Si en 1943 Victoria y María Rosa (Ocampo, 1997) se divertían como las niñas que fueron viajando juntas a los Estados Unidos (la anécdota del viaje en avión en el que María Rosa coquetea con el azafato es un buen ejemplo), en 1952, la sola idea de ir a Mar del Plata resulta agotadora. Oliver le escribe a Mistral:
No sé si iré a Mar del Plata. Vic [Victoria Ocampo] está obsesionada con el comunismo y no tengo ganas de discutir inútilmente. Siento, y no dejo de lamentarlo por ella, que hoy mi vida es más plena que la de ella. No me siento sola y jamás estoy aburrida. Me llamas idealista. Quizás lo soy, pero si no lo fuera mi vida no tendría razón de ser [...] No es verdad que hay una paz comunista y otra que no lo es. La paz como la guerra es una. Se trata de optar por la primera (Petra, 2020, § 20).

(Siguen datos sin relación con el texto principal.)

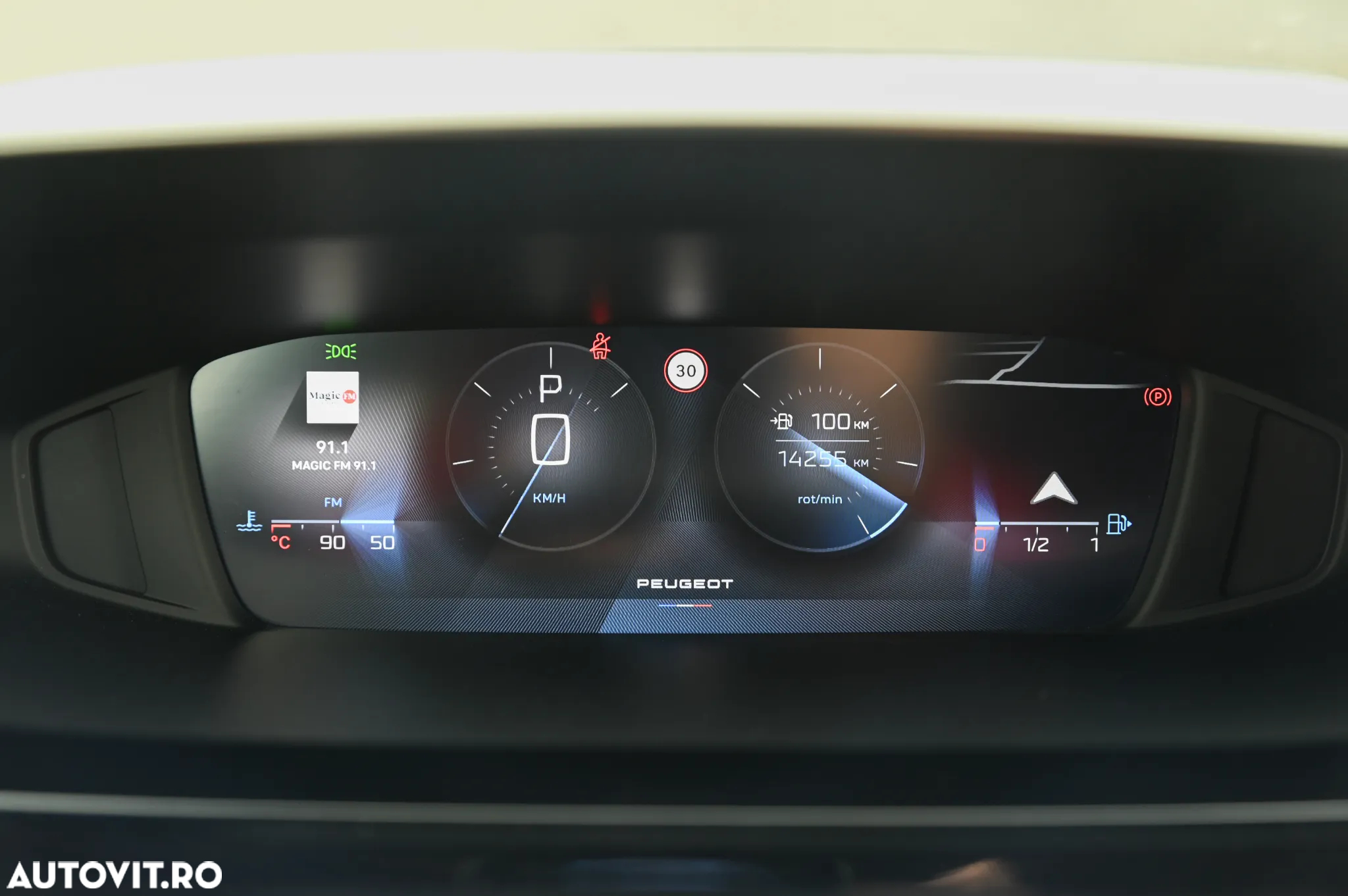 Peugeot 308 1.2 L PureTech Turbo S&S EAT8 Allure Pack - 11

Habiendo tenido tantas cosas en común (Lojo, 2017) —la amistad, la clase, el género y la escritura autobiográfica, la lucha antifascista, la participación conjunta en el homenaje a Churchill que Sur publica en 1941, en el número 87, el viaje a los Estados Unidos de 1943—, el rumbo polarizado del mundo en los años de la Guerra Fría terminará por separarlas. Pero, a modo de conclusión, cerremos esta historia con el voto de confianza definitivo, el del afecto, el que afirma que el amor que las une es más fuerte que cualquier posición ideológica. En «Recuerdos sobre recuerdos», Ocampo escribe acerca de Oliver: «Si el camino es el del amor, todo camino nos llevará al mismo punto central» (Sur, n.º 295, 1965, p. 85).